Credit Two Gentlemen of Verona as being Shakespeare's earliest comedy, and its debits (e.g., silliness, excessive punning, one unsympathetic hero) aren't dire. With so many literary sources and reliance on Elizabethan manners, morals, motifs, it's a wonder it's so neatly structured. The leads are the two young men of the title and the two women with whom they'll make two couples. There are two observant servants, two fathers who dictate to their sons, and two clowns. Note that one of the women cross-dresses, one of the men is saved from danger by outlaws to live in a forest, and there's an "Italianate" type of suitor.
Also rings both symbolize and identify; romance proceeds along the rules of courtly love. It seems Shakespeare was trying out elements he'd use in later plays. He played here too with denoting character status through dialogue in poetry or prose, and "Who Is Silvia?" is a forerunner of songs to come.
Nothing essential changes as resourceful director Greg Leaming shifts time to today and Verona to a mod club scene. When we meet the hot young swingers, they might as well be performing "Dirty Dancing." (And they do it so well, thanks to choreographer Jimmy Hoskins.) The guys are in jeans; the gals in minis, moving on straps-over-soles with stiletto heels.
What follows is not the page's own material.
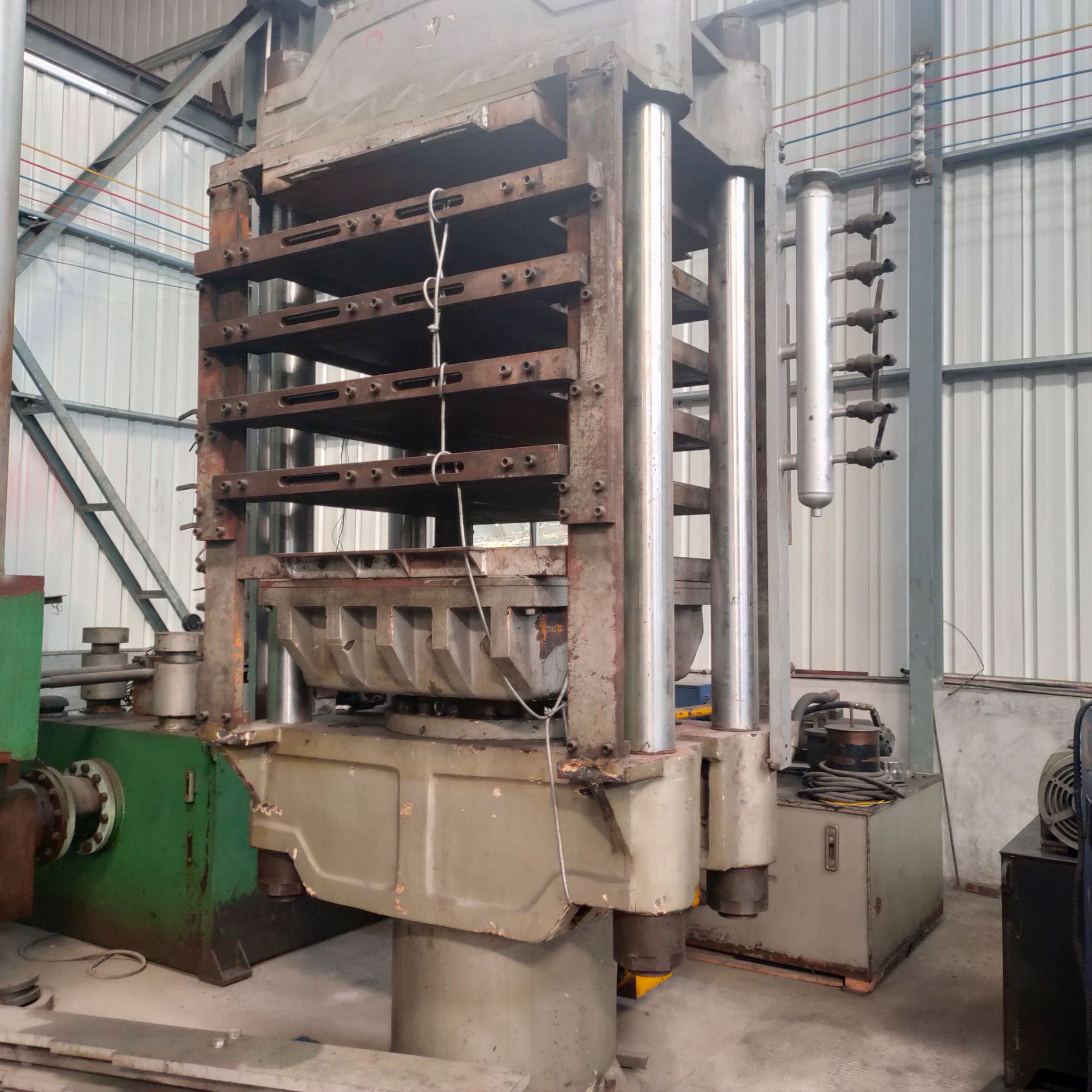 二手橡胶机械厂家直销 橡胶平板硫化机 液压式油压机 密炼机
Valentine wows them (as Benjamin Boucvalt thus does us) on entering. It's his last fling before dad sends him to Milan to acquire gentlemanly ways at the ducal court. (Dad is Tony Stopperan's aristocratic businessman "aided" by Summer Dawn Wallace's Pantina, a Marilyn-Monroe type with Joisey accent.)
Valentine's best friend Proteus would gladly go along. He's in love though, and for fear of losing Julia, lets Valentine leave solo. To her maid Concetta (perceptive Ashley Scallon) Julia pretends she doesn't care for Proteus or the love letter he's sent. Yet these traditional "courtly lovers" are soon exchanging rings of fidelity. And almost as soon, Proteus' dad sends him off to join his friend. He's accompanied by his skateboarding servant Speed (Jake Staley, spry in speech and motion, a clown).
Valentine, meanwhile, has fallen for the duke's daughter, Silvia. And vice-versa. (The gals, played winningly by cute Megan Delay and striking Katie Cunningham each win our sympathy. We're less fond of Joshua Schubart's rightly bossy duke.)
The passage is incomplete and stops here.